Preservation is essential for feeding a population, especially in areas with seasons when food is not harvested. Napoleon is often credited with promoting the need for preserved food for his soldiers.
The French government in 1795 offered a reward to anyone who invented an effective method for preserving large amounts of food. In 1809 Nicholas Appert determined that food cooked inside a jar did not spoil unless the seal leaked. This is the basis for home canning today, but the jars and seals have improved over the years.
In 1858 a New Yorker by the name of John Mason built a machine that could cut threads onto zinc lids. The threaded lid with rubber ring and a glass jar with molded threads on its neck provided for a sealing mechanism.
This meant that the jar could be used repeatedly with a screw-on lid. Because of technicalities in patenting, Mason failed to profit from his invention.
As a result, other companies made jars with threads in the glass. (Today the Mason name identifies a jar that has a wide sealing surface on the lip of the jar and is tempered, so it can withstand high heat.)
About this time, glass jars with glass lids held down by a wire mechanism were the norm. A rubber ring placed between the lip of the jar and the glass lid created a seal. The process called for tightening the lid to the jar after it had been processed. The rubber ring made it easier to seal the jar, so these jars were called “Lightning” jars.
The Hazel-Atlas Company produced glass jars for home canning from the late 1800’s until 1964 and usually had the name Atlas inscribed on the jar. They had a raised lip, to help prevent cracking.

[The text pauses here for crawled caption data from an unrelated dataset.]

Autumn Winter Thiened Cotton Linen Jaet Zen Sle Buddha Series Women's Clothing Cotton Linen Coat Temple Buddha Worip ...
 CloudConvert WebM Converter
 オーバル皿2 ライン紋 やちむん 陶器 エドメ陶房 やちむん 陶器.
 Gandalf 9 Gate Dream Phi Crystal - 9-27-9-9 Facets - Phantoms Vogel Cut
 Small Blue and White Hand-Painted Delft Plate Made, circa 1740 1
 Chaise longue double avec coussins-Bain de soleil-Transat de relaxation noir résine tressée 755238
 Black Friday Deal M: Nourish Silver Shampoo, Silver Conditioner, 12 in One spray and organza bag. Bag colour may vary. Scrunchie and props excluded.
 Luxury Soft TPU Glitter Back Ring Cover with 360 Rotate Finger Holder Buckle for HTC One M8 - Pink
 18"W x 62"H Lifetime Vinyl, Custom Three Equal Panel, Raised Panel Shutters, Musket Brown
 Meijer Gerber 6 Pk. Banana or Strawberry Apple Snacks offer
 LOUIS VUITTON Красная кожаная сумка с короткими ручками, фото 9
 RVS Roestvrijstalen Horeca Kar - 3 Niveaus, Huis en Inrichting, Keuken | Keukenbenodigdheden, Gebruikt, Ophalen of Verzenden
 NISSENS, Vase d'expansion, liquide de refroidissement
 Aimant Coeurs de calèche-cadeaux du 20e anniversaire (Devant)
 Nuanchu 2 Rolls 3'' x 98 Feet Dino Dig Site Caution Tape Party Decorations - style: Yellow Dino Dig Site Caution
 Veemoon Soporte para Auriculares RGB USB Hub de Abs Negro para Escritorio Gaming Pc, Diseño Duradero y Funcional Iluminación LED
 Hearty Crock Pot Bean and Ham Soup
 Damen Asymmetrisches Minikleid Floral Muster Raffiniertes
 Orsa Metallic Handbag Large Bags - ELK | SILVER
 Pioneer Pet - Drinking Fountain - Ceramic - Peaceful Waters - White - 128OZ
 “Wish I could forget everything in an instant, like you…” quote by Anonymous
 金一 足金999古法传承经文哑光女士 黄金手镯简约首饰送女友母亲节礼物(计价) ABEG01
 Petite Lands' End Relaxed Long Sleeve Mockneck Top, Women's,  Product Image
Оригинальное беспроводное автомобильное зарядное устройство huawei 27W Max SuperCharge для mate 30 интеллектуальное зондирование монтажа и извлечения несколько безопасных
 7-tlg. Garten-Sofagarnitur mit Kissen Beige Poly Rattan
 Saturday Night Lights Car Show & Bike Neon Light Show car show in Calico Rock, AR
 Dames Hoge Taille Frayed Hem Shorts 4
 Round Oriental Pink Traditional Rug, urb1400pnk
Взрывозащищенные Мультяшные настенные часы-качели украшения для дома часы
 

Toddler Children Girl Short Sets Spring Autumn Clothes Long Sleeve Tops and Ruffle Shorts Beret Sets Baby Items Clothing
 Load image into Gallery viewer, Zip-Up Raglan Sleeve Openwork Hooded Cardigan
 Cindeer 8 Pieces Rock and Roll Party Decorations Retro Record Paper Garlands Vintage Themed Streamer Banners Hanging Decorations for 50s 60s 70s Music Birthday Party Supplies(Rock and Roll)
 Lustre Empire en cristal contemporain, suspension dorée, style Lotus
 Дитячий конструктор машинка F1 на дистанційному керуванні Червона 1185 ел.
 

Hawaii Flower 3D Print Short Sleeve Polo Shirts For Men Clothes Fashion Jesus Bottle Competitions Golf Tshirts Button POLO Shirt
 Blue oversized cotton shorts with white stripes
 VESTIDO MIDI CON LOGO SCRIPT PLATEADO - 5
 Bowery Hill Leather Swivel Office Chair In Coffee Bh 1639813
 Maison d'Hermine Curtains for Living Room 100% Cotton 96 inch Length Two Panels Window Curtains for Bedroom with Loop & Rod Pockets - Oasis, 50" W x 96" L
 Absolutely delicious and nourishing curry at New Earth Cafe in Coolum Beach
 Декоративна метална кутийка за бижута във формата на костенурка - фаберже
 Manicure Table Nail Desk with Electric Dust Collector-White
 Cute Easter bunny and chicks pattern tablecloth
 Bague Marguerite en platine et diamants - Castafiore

The Ball brothers, who had been making wood-jacketed tin cans for storage of oil, lard, and paint, soon took over the home canning industry. In 1883 they moved from Buffalo, N.Y., to Muncie, Ind., and switched to glass products. Muncie gave away free natural gas to companies that would build there, and the Ball brothers took advantage of this offer, because they needed a lot of natural gas to fire the furnaces to make the glass. For years they made and sold jars and canning supplies, including the Ball Blue Book.
The Ball Blue Book, with home canning instructions and recipes, is still published today.
The other leading maker of canning supplies, Alexander H. Kerr, created the Hermetic Fruit Jar Company in 1903, to make Economy and Self-Sealing glass jars. They were first made in Altoona, Kan., and Sand Springs, Okla., where natural gas was plentiful.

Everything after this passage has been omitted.